The second biggest technological change that I noticed was when DSLR camera bodies were able to shoot 1080p HD video. When Canon first came out with the 5D Mark II I remember thinking that it was somewhat gimmicky but after I saw the results from guys like Vincent Laforet who were shooting incredible footage with it, I was blown away. I think it’s an amazing opportunity for stills guys to get into motion with the gear they know and love and be able to get incredible results.
I’m more of a new adapter. I think that in our industry we have to be flexible and open minded to change, otherwise we’ll drown. You either sink or swim. I’ve gotten some video assignments as a result of the DSLR video capabilities and it’s opened up a new market segment that didn’t exist for me before. Of course I had to invest money into new gear (microphones, shoulder rigs, HDMI monitors, etc.) but you make that money back when you get jobs. I think it’s important to step out of your comfort zone and try new things as a photographer or videographer or any type of creative for that matter. It’s nice to get butterflies sometimes … to think on your toes. Feeling like a beginner again is the best way to learn new things and improve your skillsets.
Photography is more than just picking up a camera and shooting but I think that’s probably the most important factor. Experimenting with different ways of shooting. Different aesthetics. Trying to shoot a variety of things to see what style of photography gets you the most excited. I think for a beginner these are all very important things to do in order to learn about themselves. For some it comes very naturally and seems obvious … for others it takes some searching. But practice and patience is everything when you’re starting out.
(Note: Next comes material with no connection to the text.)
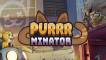 Purrrminator (демо-версия)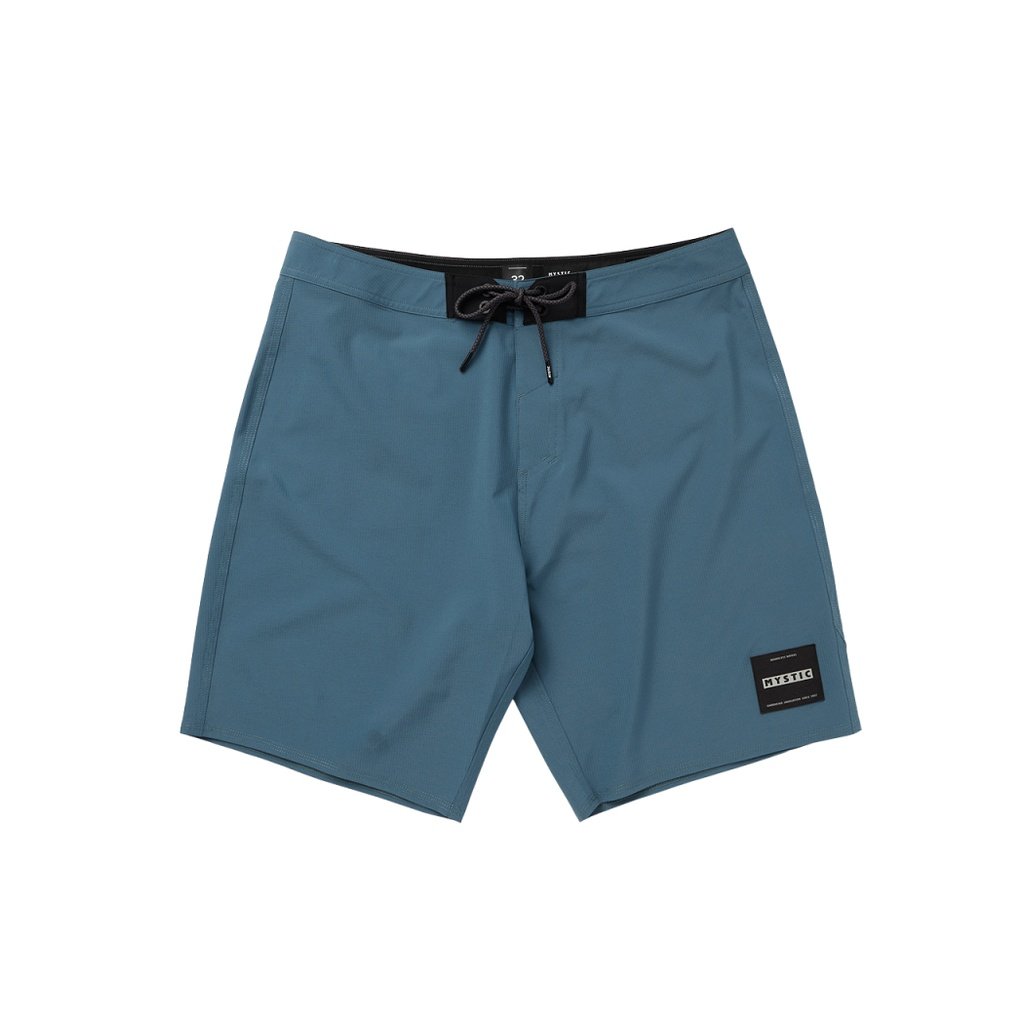 Brand, Tidal Blue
If someone is considering pursuing photography professionally, I would say the best thing to learn (after knowing how to shoot at a high level, of course) is how to value your work. I went to a photo school for four years and I kid you not, the business of photography and how value is added for clients was never once brought up. I was even in a “Business of Photography” course yet we never discussed rates or anything like that. I think the #1 problem with beginners is they undervalue themselves and therefore undercut their own work and as a result the entire market. It’s very important to understand what you bring to the table as a photographer or as a creative and know how to value it properly. Do some research. But be wary of where you look and who you trust. Talk to professionals. Assist. Learn. But understand the business behind what it is you’re getting into. And always remember to enjoy what you’re doing.